MONTANARO: Yeah. And that's really the most significant dynamic in this upcoming debate. You know, Sanders' camp continues to say that he won't go after Warren, unless they're the last two standing. You know, he sees her as an ally for changing the country to be something more along the progressive lines of what he wants to see. Biden has been the focus of other candidates in the first two rounds of debates. Given that he continues to lead in the polls, he'll probably be the focus again. So for his part, he told reporters in South Carolina yesterday he welcomes the shrinking field.

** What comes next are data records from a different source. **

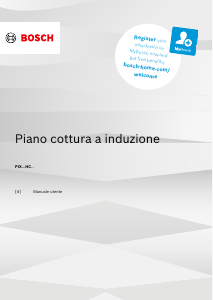 Manuale Bosch PIX645HC1E Piano cottura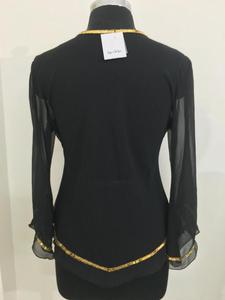 2022 New Arrival Women Sexy Shiny Solid Embroidery Party Blouse Bright <b>Sequin</b> Long Sleeved <b>Tops</b> Beaded High Trend Fashion - Product Image 6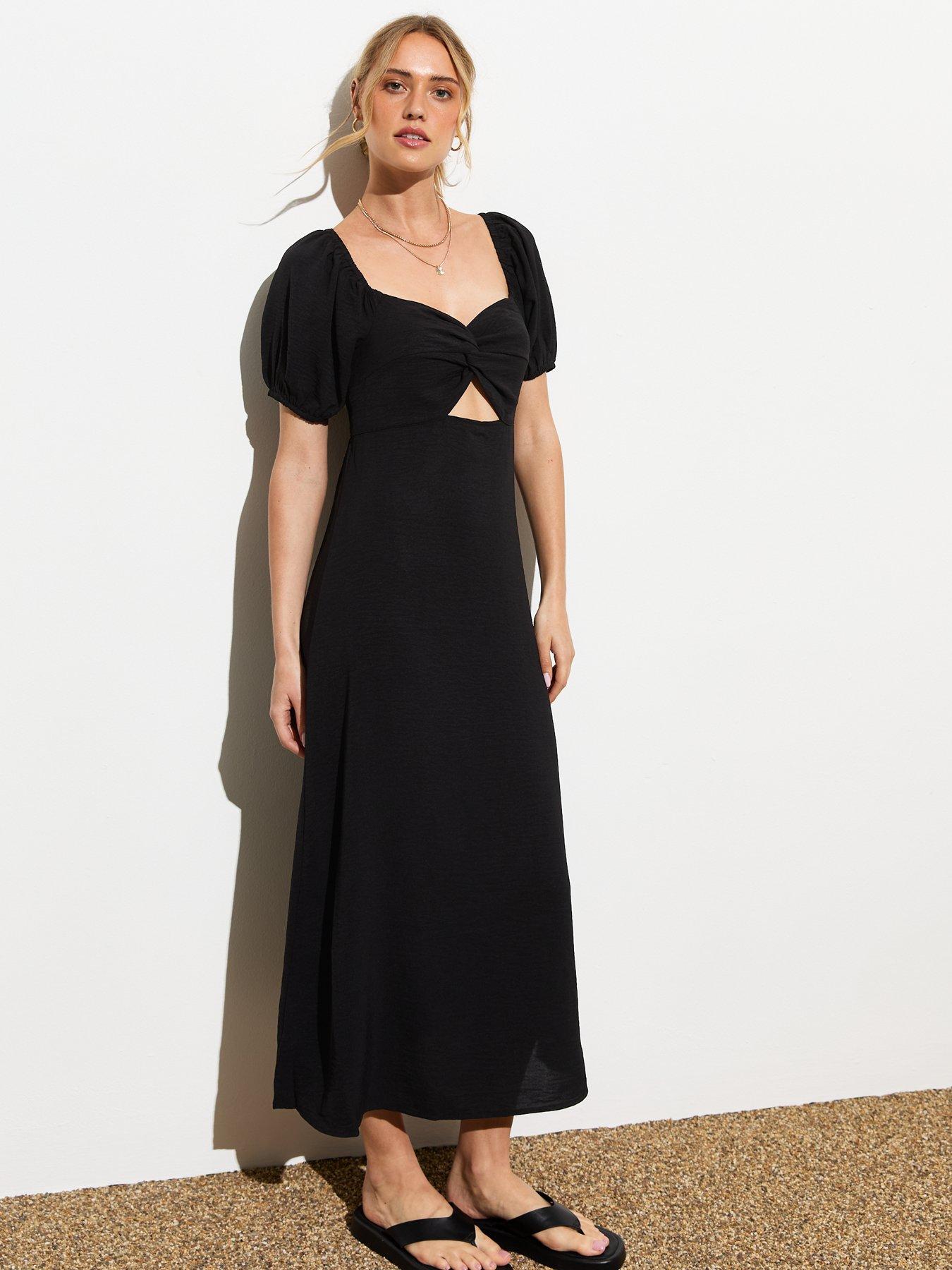 new-look-black-twist-front-midi-dressback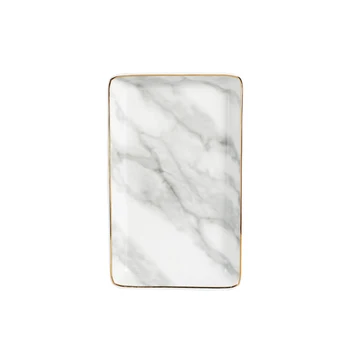 Nordic Style Kitchen Jewelry Display Space Saving Marble Pattern Practical Ceramic Fruit Plate Rectangular Food Storage Tray
Nordic Style Kitchen Jewelry Display Space Saving Marble Pattern Practical Ceramic Fruit Plate Rectangular Food Storage Tray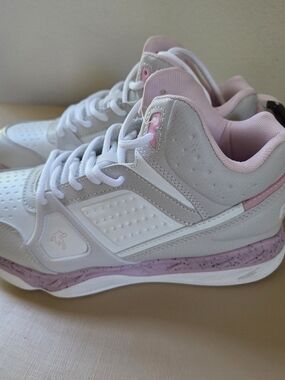 And1 White and Light Pink Kids' Sneakers Size 5 Youth Girls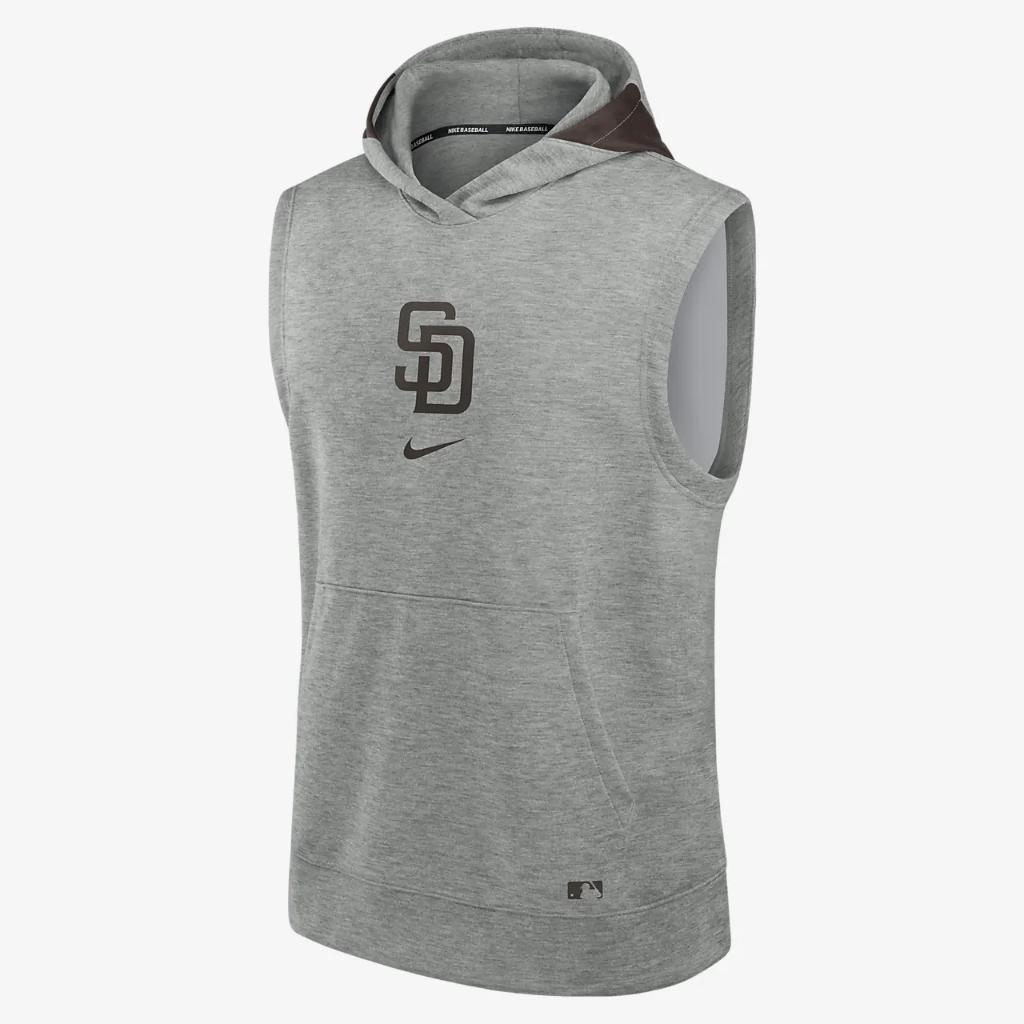 San Diego Padres Authentic Collection Early Work Men’s Nike Dri-FIT MLB Sleeveless Pullover Hoodie 013U03A5PYP-J3E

(SOUNDBITE OF ARCHIVED RECORDING)
JOE BIDEN: I'm looking forward to getting to the place - assuming I'm still around - that it gets down to a smaller number of people so we can have more of a discussion instead of one-minute assertions.
MONTANARO: Well, I mean, debates are always going to be kind of one-minute assertions. So he kind of knows that. But he really needs to show some crispness in this upcoming debate that he really lacked, especially in that first debate, when Democrats are really looking for someone who can take on Trump. Otherwise, they're going to look elsewhere. And we've seen Elizabeth Warren continue to rise in not just the polls but fundraising and crowd size.
MARTIN: Yeah. So I want to get back to this idea about the DNC and the debates being, like, a first primary sort of speak. They set the qualifying rules. How are those who didn't make the cut for this debate reacting?
MONTANARO: Well, pretty typically, I'd say, for candidates who don't make a debate stage. Some are complaining about the process, like you were noting. So here was Tulsi Gabbard on Fox News.
(SOUNDBITE OF TV SHOW, "TUCKER CARLSON TONIGHT")
TULSI GABBARD: The whole thing gets a little bit confusing, and you've got to jump way down into the weeds of the numbers and the statistics. But I think the bigger problem is that the whole process really lacks transparency.
TUCKER CARLSON: Right.
GABBARD: People deserve having that transparency because ultimately it's the people who will decide who our Democratic nominee will be and ultimately who our next president, commander in chief, will be.
MONTANARO: Yeah. I mean, the Hawaii Congresswoman - you know, they're talking about the rules and the process. You know, the criteria for the debate has been out there for quite some time. She just didn't reach it. So, you know, transparency is certainly one of the things that some candidates like to talk about in these instances. But we've known what they are for a while.
MARTIN: And the fact of the matter is it is just an unprecedentedly large field, right? So we don't...
MARTIN: This is all kind of new territory. I'm going to put you on the spot. We know Kirsten Gillibrand is ending her run. Who do you think is next?
MONTANARO: I have no idea.
MARTIN: Come on.
MONTANARO: I mean, you know, I'm not going to try to predict that. I will say one thing, though. Tom Steyer is somebody who spent $12 million on ads and other things to try to get onto this debate stage. He failed to do so. And, well, we may see him in October. We'll see.
MARTIN: OK. NPR senior political editor Domenico Montanaro. Thank you.